Go to the line containing "BBQ | AY0204" in the records below and print it and every following line exactly, on through the line containing "2022 BMW X3", then stop.

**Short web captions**
━━━━━━━━━━━━━━━━━━━━━━━━━━━━━━
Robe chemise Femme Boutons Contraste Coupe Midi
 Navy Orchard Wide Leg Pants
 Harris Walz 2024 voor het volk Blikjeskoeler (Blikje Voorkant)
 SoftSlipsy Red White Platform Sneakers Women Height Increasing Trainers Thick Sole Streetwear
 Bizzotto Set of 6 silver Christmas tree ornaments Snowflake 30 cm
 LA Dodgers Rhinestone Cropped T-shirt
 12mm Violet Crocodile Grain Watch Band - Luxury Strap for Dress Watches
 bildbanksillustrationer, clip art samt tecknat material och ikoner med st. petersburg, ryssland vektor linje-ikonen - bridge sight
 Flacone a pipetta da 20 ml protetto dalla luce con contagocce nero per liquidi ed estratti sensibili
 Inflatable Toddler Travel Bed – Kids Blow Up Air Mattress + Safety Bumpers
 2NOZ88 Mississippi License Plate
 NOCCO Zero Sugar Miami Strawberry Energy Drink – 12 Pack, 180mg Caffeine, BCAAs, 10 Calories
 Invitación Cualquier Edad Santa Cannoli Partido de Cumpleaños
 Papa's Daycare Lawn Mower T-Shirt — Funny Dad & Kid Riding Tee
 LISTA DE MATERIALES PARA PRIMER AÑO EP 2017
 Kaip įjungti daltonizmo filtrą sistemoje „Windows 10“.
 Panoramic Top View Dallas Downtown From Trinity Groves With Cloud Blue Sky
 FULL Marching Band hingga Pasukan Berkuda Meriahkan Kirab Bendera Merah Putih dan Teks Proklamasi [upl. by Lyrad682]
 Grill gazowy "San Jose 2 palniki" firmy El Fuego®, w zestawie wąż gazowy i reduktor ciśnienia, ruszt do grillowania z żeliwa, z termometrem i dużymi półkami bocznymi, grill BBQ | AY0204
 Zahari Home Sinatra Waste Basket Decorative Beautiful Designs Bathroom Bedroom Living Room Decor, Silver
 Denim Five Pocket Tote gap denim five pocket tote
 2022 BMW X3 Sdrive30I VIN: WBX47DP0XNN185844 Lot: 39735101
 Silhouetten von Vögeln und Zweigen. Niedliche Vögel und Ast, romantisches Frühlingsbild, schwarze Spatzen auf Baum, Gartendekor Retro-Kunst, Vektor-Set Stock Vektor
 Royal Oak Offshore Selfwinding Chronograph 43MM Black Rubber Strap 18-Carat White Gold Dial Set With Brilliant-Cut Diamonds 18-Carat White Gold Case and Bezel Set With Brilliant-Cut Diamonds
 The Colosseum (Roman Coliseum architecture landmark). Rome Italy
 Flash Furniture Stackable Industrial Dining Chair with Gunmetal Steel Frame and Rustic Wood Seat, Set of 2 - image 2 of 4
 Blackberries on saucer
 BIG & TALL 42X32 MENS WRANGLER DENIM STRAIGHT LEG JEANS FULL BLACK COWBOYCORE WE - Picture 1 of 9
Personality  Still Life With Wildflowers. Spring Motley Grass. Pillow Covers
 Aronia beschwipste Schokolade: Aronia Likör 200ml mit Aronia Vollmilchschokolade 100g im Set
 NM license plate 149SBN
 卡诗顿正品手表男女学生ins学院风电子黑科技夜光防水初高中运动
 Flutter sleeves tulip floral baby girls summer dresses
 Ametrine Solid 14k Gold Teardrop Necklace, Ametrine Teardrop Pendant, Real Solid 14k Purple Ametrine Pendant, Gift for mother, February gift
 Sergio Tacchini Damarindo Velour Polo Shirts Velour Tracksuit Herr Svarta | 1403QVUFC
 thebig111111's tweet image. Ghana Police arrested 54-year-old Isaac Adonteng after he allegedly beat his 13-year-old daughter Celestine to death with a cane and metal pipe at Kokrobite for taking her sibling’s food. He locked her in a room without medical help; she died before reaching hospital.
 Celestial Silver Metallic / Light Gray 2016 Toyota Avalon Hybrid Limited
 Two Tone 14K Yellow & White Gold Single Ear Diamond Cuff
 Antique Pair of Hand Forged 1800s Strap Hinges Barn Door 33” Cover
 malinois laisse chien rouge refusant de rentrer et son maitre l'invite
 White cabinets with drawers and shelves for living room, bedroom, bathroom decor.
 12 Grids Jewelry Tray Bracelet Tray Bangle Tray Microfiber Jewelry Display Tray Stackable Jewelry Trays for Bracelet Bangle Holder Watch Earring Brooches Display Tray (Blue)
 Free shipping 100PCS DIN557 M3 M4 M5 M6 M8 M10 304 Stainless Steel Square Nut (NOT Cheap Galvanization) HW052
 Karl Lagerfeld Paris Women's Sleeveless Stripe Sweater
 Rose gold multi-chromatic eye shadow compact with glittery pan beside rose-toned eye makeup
━━━━━━━━━━━━━━━━━━━━━━━━━━━━━━
**Solution for this exercise**
 Grill gazowy "San Jose 2 palniki" firmy El Fuego®, w zestawie wąż gazowy i reduktor ciśnienia, ruszt do grillowania z żeliwa, z termometrem i dużymi półkami bocznymi, grill BBQ | AY0204
 Zahari Home Sinatra Waste Basket Decorative Beautiful Designs Bathroom Bedroom Living Room Decor, Silver
 Denim Five Pocket Tote gap denim five pocket tote
 2022 BMW X3 Sdrive30I VIN: WBX47DP0XNN185844 Lot: 39735101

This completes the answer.